Le Sue spiegazioni. Oh, le Sue spiegazioni. Mai correlate da episodi, divagazioni, elucubrazioni. Sempre massimamente efficaci, dritte al punto, scevre da inutili estetismi e spettacolarizzazioni. La loro grandezza e utilità non erano da misurarsi nell’immediato, ma unicamente alla giusta distanza di tempo. Come la luce di un faro, della quale si può apprezzare la totale intensità solo quando si esce dal fascio proiettato nelle notti di tempesta. Le spiegazioni di un professore severo, raramente incline a complimenti e gratificazioni, ugualmente in grado di stimolare e coinvolgere coloro che frequentavano le sue classi. Vladimir Micov lo si racconterà a figli e nipoti quando si lamenteranno per le versioni lunghissime o per gli integrali impossibili da risolvere assegnati come compito a casa. Se il professore ottiene il rispetto, la fatica e la difficoltà non giustificheranno le lamentele. È normale, si è giovani e si vorrebbero ancora eludere gli ostacoli che la vita pone davanti agli occhi. Ma i professori come Micov esistono per questo motivo: insegnare il giusto valore della sofferenza. Mai fine a sé stessa. Costantemente indirizzata verso una miglioria evolutiva.

Vladimir Micov è stato geniale. Non un genio piovuto dal cielo per chissà quale grazia, divina o di qualsivoglia origine. Un genio costruito, cesellato. Un David di Michelangelo non già presente nel blocco di marmo, dal quale è stato sufficiente dare due colpi di scalpello per portarlo alla luce. Vlado, ci permetta di chiamarLa così, disponeva dei due talenti che, su un campo da basket, sono i meno insegnabili e i più difficili da imporre: i polpastrelli e l’intelligenza. Perché un conto è sapere di trovarsi in quel punto del campo, in quel determinato contesto e momento della partita, grazie allo specifico posizionamento di compagni e avversari, per compiere il singolo gesto tecnico e atletico. Un altro conto è realizzarlo. Caro prof. Micov, ci perdoni la franchezza: come si suol dire, Lei non saltava un foglio di giornale. E di certo non era un fulmine di guerra. Eppure, a Suo modo, è riuscito dove altri ben più ricompensati da Madre Natura hanno fallito. Vedere per credere.
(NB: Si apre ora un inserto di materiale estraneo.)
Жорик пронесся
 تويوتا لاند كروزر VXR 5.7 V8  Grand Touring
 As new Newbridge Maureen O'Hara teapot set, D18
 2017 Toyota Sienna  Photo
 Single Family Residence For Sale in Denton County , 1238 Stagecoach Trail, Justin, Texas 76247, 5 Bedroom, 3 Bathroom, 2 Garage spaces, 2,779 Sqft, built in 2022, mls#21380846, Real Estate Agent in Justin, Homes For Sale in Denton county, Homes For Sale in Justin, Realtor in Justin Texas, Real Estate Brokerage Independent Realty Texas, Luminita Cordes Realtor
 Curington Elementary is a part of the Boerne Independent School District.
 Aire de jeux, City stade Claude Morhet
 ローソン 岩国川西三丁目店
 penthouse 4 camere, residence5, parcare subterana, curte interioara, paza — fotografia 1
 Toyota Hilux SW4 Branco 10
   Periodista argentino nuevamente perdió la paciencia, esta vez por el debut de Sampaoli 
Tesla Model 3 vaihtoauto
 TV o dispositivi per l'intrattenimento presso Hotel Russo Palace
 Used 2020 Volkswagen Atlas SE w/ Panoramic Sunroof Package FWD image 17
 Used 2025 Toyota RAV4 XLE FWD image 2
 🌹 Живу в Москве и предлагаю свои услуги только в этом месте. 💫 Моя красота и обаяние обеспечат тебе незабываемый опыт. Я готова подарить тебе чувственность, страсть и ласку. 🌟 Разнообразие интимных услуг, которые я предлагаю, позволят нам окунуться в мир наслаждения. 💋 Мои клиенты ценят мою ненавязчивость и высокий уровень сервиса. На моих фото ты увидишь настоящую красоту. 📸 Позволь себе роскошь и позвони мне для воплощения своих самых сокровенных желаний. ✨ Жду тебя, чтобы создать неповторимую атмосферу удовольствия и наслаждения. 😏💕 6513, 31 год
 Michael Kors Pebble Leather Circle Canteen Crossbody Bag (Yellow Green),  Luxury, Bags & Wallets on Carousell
La stoppata decisiva per la vittoria dell’Eurocup col Galatasaray. La clamorosa prestazione nella semifinale di Colonia contro il Barcellona, arrivata al culmine di un’annata di acciacchi e perplessità sul chilometraggio di un professore non certo di primo pelo. Il buzzer beater alla Fonteta, sempre in maglia Olimpia Miliano. Alcune prestazioni al limite dell’arroganza tecnica con cui infiammare il Pianella. L’ultima grande pennellata d’autore, quella tripla dall’angolo nei recenti playoff di ABA Liga contro il Partizan di Obradovic. Le istantanee della pluridecorata carriera del Prof. Micov sono infinite. Ne si potrebbero citare diverse altre, rovistando tra i ricordi di sedici trofei nazionali o continentali. Mancano solo effigi ottenute con la divisa della Serbia, assente negli appuntamenti medagliati e presente nelle spedizioni più sfortunate. Non sono tuttavia i riconoscimenti metallici o le onorificenze al valore a quantificare e legittimare un’autorità espressa oltre il campo di battaglia. Vladimir Micov, un generale per il quale nessuna matricola si sarebbe gettata nel fuoco ma che, di fronte a un suo ordine, non avrebbe mai vacillato o esitato nell’eseguirlo rispettandone maniacalmente le direttive.

Professor Vladimir Micov, non è nostra intenzione dilungarci troppo. Come quei parroci che, in apertura di predica, promettono di essere brevi per poi sproloquiare e disquisire sui massimi sistemi. No. Le inutili smancerie non Le sono mai appartenute. Forse un’ultima grande partita, giocata dai migliori compagni e avversari della Sua ventennale esperienza sui parquet d’Europa, Le avrebbe reso il doveroso omaggio. Ma Lei non avrebbe saputo apprezzarlo. Meglio una lettera sobria, scritta sull’asettica bacheca dei suoi social, per prendere commiato dalla tanto amata materia. Una semplice e rapida stretta di mano tra Lei, allievi, colleghi, datori di lavoro e la Pallacanestro. Prima che una lacrima possa solcare il viso del prof. Vladimir Micov. Guai a rendere manifeste le proprie emozioni più intense. Sono talmente rare e significanti che, giustamente, si vogliono godere nell’intimità della solitudine del saggio.

Grazie per tutto, prof. Micov. Nessuno La dimenticherà mai.